WORK INSTRUCTION
Somewhere below, one line contains "I hope this" and a later line contains "So it would". Output those two lines and everything between them exactly, and nothing else.

---------- INPUT DATA

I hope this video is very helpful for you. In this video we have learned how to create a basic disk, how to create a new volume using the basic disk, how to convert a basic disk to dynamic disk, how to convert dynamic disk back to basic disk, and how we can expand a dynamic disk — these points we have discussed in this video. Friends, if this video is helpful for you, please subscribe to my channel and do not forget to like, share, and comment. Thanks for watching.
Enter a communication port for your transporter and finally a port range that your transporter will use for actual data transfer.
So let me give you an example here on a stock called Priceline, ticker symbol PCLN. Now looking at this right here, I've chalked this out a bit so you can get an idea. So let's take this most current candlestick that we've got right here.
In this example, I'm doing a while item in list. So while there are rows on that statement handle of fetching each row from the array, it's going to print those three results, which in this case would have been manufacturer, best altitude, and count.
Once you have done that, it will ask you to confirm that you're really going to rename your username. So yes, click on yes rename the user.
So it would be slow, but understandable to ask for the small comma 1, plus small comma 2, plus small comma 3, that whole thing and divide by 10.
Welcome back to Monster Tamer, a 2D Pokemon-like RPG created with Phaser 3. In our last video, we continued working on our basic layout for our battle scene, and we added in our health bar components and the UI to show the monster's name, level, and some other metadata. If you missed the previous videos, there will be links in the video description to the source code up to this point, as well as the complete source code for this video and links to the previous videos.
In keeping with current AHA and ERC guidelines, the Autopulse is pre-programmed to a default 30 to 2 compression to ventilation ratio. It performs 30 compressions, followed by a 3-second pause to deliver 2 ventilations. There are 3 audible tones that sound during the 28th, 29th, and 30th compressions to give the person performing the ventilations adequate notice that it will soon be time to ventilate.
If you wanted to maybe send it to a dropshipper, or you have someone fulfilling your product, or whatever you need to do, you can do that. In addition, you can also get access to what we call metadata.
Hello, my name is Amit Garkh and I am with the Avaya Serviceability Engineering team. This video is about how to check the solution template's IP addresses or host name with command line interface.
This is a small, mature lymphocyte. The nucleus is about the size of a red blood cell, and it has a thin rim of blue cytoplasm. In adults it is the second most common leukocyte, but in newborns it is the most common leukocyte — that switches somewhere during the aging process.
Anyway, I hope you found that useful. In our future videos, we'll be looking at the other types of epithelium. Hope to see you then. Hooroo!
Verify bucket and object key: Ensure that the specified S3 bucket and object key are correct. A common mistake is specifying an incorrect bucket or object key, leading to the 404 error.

--------------------
---------- INPUT DATA

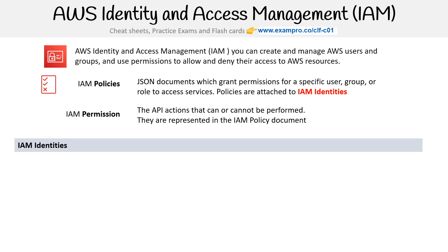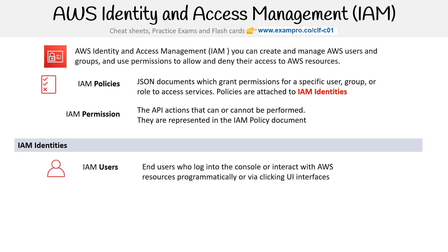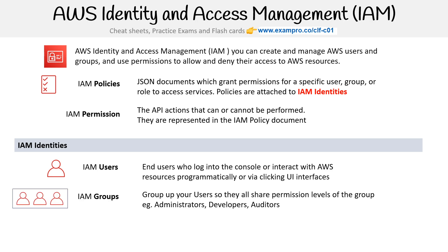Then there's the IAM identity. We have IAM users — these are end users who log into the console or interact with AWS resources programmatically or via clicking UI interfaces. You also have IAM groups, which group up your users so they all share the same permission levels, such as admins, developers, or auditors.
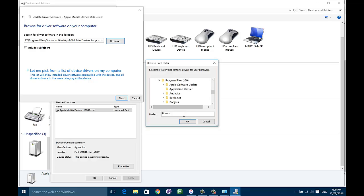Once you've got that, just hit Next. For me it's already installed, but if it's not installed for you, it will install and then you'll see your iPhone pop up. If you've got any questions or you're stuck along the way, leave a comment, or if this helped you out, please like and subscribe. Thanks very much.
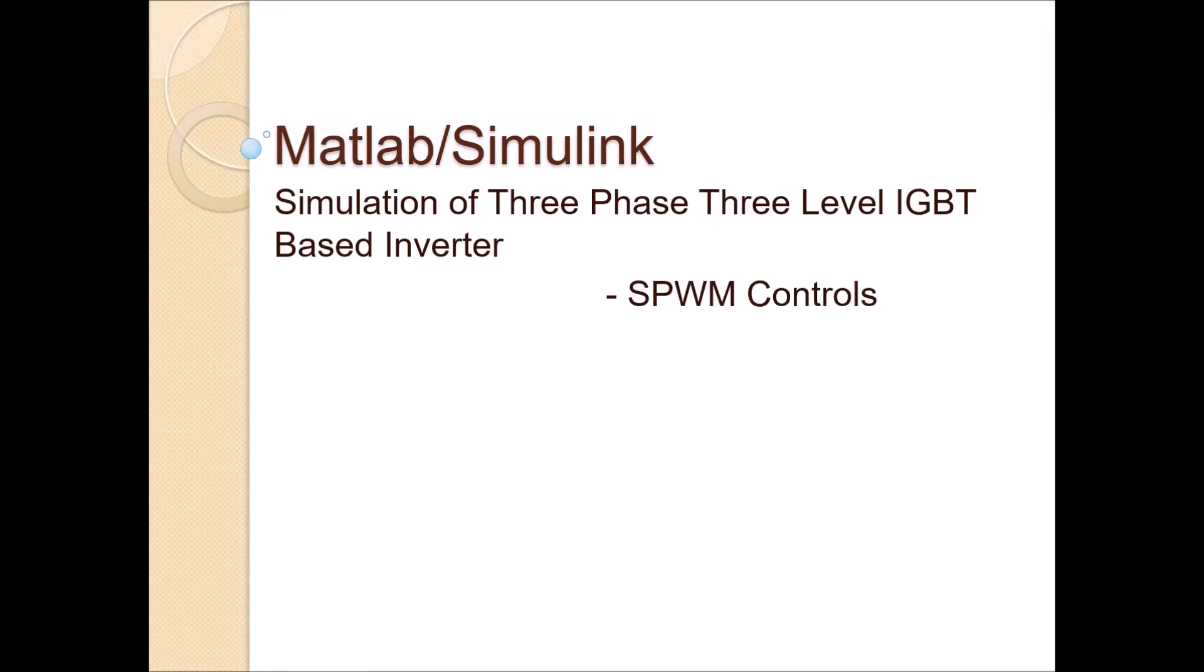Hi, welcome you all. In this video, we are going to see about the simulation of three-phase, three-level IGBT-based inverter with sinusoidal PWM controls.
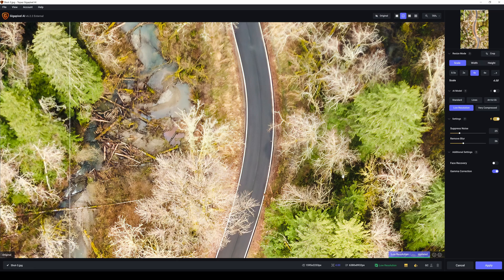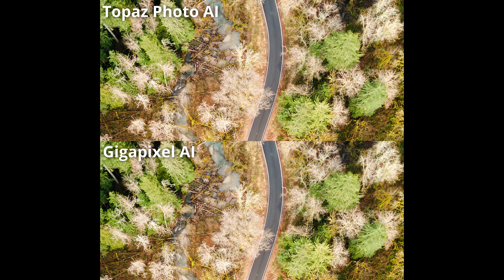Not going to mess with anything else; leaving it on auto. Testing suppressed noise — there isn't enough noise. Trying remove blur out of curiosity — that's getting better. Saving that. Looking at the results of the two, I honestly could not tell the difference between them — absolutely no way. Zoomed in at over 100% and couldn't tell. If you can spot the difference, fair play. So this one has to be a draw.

--------------------

SOLUTION TO THIS EXERCISE
I hope this video is very helpful for you. In this video we have learned how to create a basic disk, how to create a new volume using the basic disk, how to convert a basic disk to dynamic disk, how to convert dynamic disk back to basic disk, and how we can expand a dynamic disk — these points we have discussed in this video. Friends, if this video is helpful for you, please subscribe to my channel and do not forget to like, share, and comment. Thanks for watching.
Enter a communication port for your transporter and finally a port range that your transporter will use for actual data transfer.
So let me give you an example here on a stock called Priceline, ticker symbol PCLN. Now looking at this right here, I've chalked this out a bit so you can get an idea. So let's take this most current candlestick that we've got right here.
In this example, I'm doing a while item in list. So while there are rows on that statement handle of fetching each row from the array, it's going to print those three results, which in this case would have been manufacturer, best altitude, and count.
Once you have done that, it will ask you to confirm that you're really going to rename your username. So yes, click on yes rename the user.
So it would be slow, but understandable to ask for the small comma 1, plus small comma 2, plus small comma 3, that whole thing and divide by 10.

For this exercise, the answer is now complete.